Ora não só a figura é bastante mais densa do que essa aparência pressupunha, como deste seu diálogo mais distendido, longe da pressão governativa, se retiram diversas nuances curiosas. A começar pela mais picaresca, como quando procurou reduzir os salários dos técnicos da “troika”, no seu salário de 18 mil euros mensais, para cerca de 10 mil euros, o que foi prontamente rejeitado pela “troika” alegadamente pela “falta de fundamentação de medida”, semelhante às decretadas sobre funcionários e pensionistas, que viram os seus rendimentos decrescer em média 40%.

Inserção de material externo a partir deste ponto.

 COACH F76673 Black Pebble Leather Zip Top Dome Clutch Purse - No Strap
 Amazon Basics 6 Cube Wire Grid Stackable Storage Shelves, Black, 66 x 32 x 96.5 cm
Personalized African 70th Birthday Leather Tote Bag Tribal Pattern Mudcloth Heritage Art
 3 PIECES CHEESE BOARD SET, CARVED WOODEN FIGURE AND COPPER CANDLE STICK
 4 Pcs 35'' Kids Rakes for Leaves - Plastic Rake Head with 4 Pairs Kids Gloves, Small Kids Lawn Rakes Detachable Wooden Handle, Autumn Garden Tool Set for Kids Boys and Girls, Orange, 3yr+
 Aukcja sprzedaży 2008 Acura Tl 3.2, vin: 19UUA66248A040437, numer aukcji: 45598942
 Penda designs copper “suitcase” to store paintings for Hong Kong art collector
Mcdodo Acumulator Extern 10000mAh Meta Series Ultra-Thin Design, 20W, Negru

A realidade do processo de decisão europeu dos últimos anos entre ministros das Finanças da zona euro é também devidamente anotada, feita de um misto de cobardia, de conveniência e de algumas – poucas – convicções. Ou seja, um processo puramente político, que fica bem ilustrado quando Varoufakis conta que, perguntado Schauble, num contexto privado, sobre se aceitaria para o seu país o que era ali proposto à Grécia, lhe terá respondido claramente que não.
Varoufakis viveu e trabalhou vários anos fora da Grécia, deu aulas em Cambridge e depois em Sydney durante dez anos. Para quem se deixou convencer de que Varoufakis seria um radical esquerdista anti-europeu, recorda aliás que a sua visão de Europa passava pela defesa de um federalismo assumido, pela criação de uns estados unidos da Europa, que pudessem efetivamente aproximar os povos europeus.

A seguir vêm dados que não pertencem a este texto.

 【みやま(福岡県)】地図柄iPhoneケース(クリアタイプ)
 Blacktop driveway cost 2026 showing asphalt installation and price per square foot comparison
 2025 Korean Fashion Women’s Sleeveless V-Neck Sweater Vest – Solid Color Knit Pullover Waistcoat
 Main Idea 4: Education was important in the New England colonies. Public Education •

Assume a necessidade imperiosa de combater a corrupção nos serviços públicos e a evasão fiscal na Grécia, os dois grandes males do país, bem como o que apelida de cleptocracia assente na banca. Pergunta-se: como explicar que um quilómetro de auto-estrada na Grécia custe ao Estado grego três vezes o que custa na Alemanha ou em França? E dá a resposta, recomendando ao seu entrevistador que visite o bairro do norte de Atenas onde os empreiteiros têm as suas casas… E, já agora, alguém fez estas contas para Portugal?